Background information
- Origin: Avery Hill College, London, England
- Genres: Folk-rock
- Years active: 1968–1974, 2010-
- Labels: Decca Nova, Bradley's Records, Cherry Tree Records, Limefield, SPC, Wasabi Records (Japan)
- Members: Terry Hiscock Doug Morter Rog Trevitt
- Past members: Chris George (left September 2021)

= Hunter Muskett =

English folk-rock band

Hunter Muskett is an English folk-rock band, that first existed between 1968 and 1974, and reformed in 2010.

==Beginnings==
The group was formed at Avery Hill College in South London, when Terry Hiscock and Chris George were joined by fellow student Doug Morter. The band's name was taken from an anecdote about an eccentric Cornishman.

Hunter Muskett began by playing in London folk-clubs and colleges mixing original songs with acoustic folk and blues. Unusually for the time they used a pa system and some electric instruments in folk clubs.

==Recording and touring==
The band signed to Decca Nova after being spotted playing at The Troubadour in London's Earls Court. On the resulting album, ‘Every Time You Move’ (1970), produced by Kim Margolis, the trio's acoustic sound was augmented by Danny Thompson (uncredited) on double bass and orchestration arranged by Richard Hewson. Bass-player Rog Trevitt joined shortly after the album's release. The Decca Nova label lasted less than a year.

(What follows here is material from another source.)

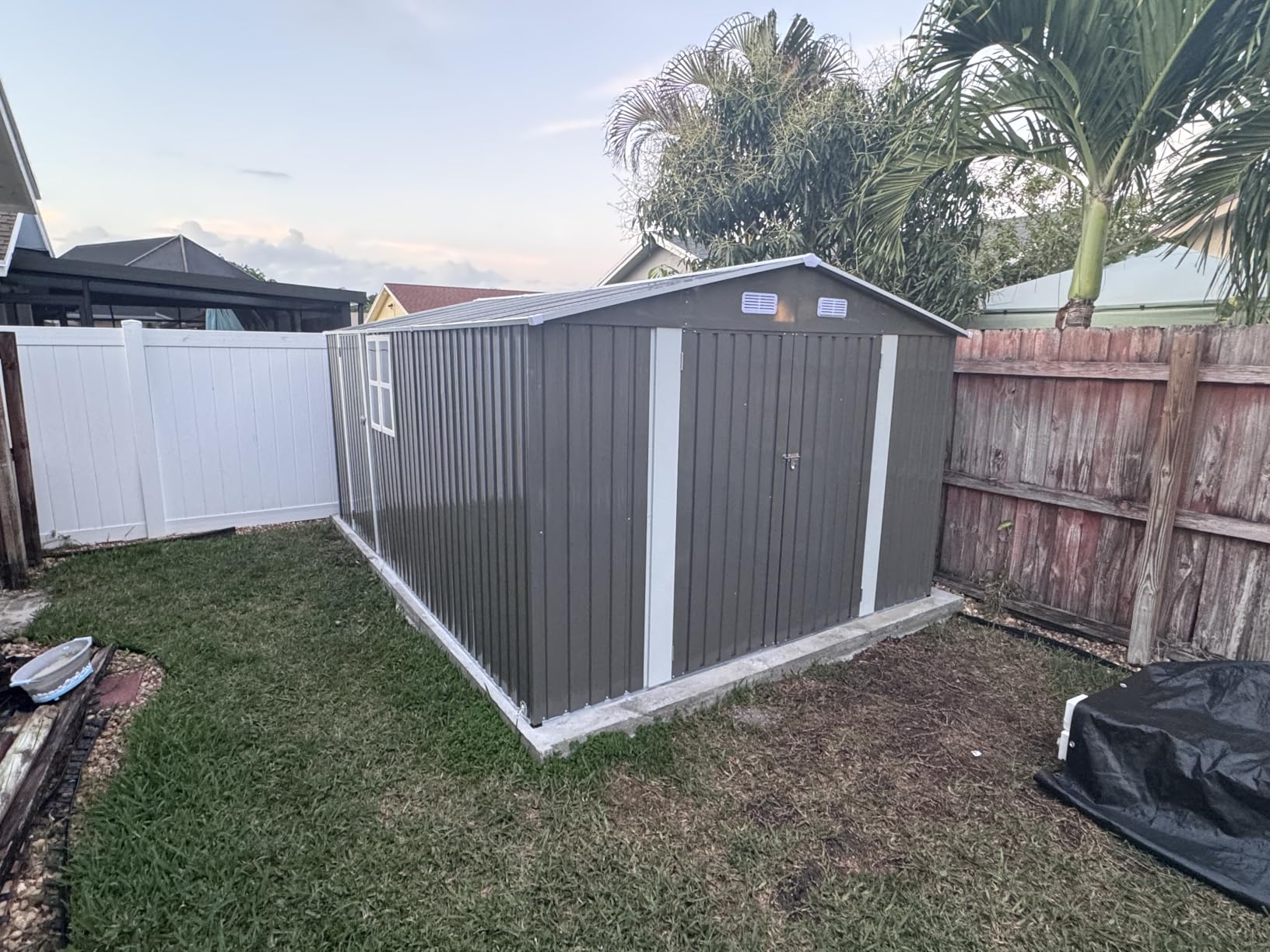 10x14x6.7FT Outdoor Storage Shed, Galvanized Steel Garden Shed with Lockable Door & Window, Waterproof Metal Tool Storage for Garden, Backyard, Patio, Lawn(Grey) customer photo 1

From 1971 to 1974 the band toured the UK and on the continent, also making one trip to Morocco. Although mainly working the folk/college/ circuit, they also played festivals (Cambridge, St Albans, Laycock, Norwich) and major venues, notably as support to Dutch singer-songwriter Lenny Kuhr (Holland and Belgium in 1972), Ralph McTell (UK Spring Tour 1973) and Amon Düül (Belgium and Northern France in autumn 1973). Radio appearances included Radio Hilversum, and the BBC's: Country Meets Folk, Pete Drummond’s Night Ride and Sounds on Sunday.

In 1973 managers Mike Hutson and George Fenton (then working as George Howe) signed the band to Derek Johns at Bradley's Records where they became one of three acts (alongside Paul Brett and Kala ) in a label launch involving considerable promotional expenditure. The album ‘Hunter Muskett’ (1973) produced by Keith Relf also featured Michael Giles on drums, Jim McCarty on percussion, Ken Freeman and John ‘Rabbit’ Bundrick (uncredited) on synthesiser.

Plans to add a permanent drummer were never realised although Andrew Steele played at the Royal Festival Hall (May 1973) and worked on demos for a projected second Bradley's album, whilst Roger Swallow came in for Pete Drummond's Night Ride (autumn 1973).

==Break-up and re-form==
In 1974, a change of musical policy at Bradleys (now under ex-Mojo Stuart Slater) resulted in the label parting with all three of its original acts in a quest for hit singles. With no record label and finding the economics of keeping on the road increasingly difficult the band decided to split.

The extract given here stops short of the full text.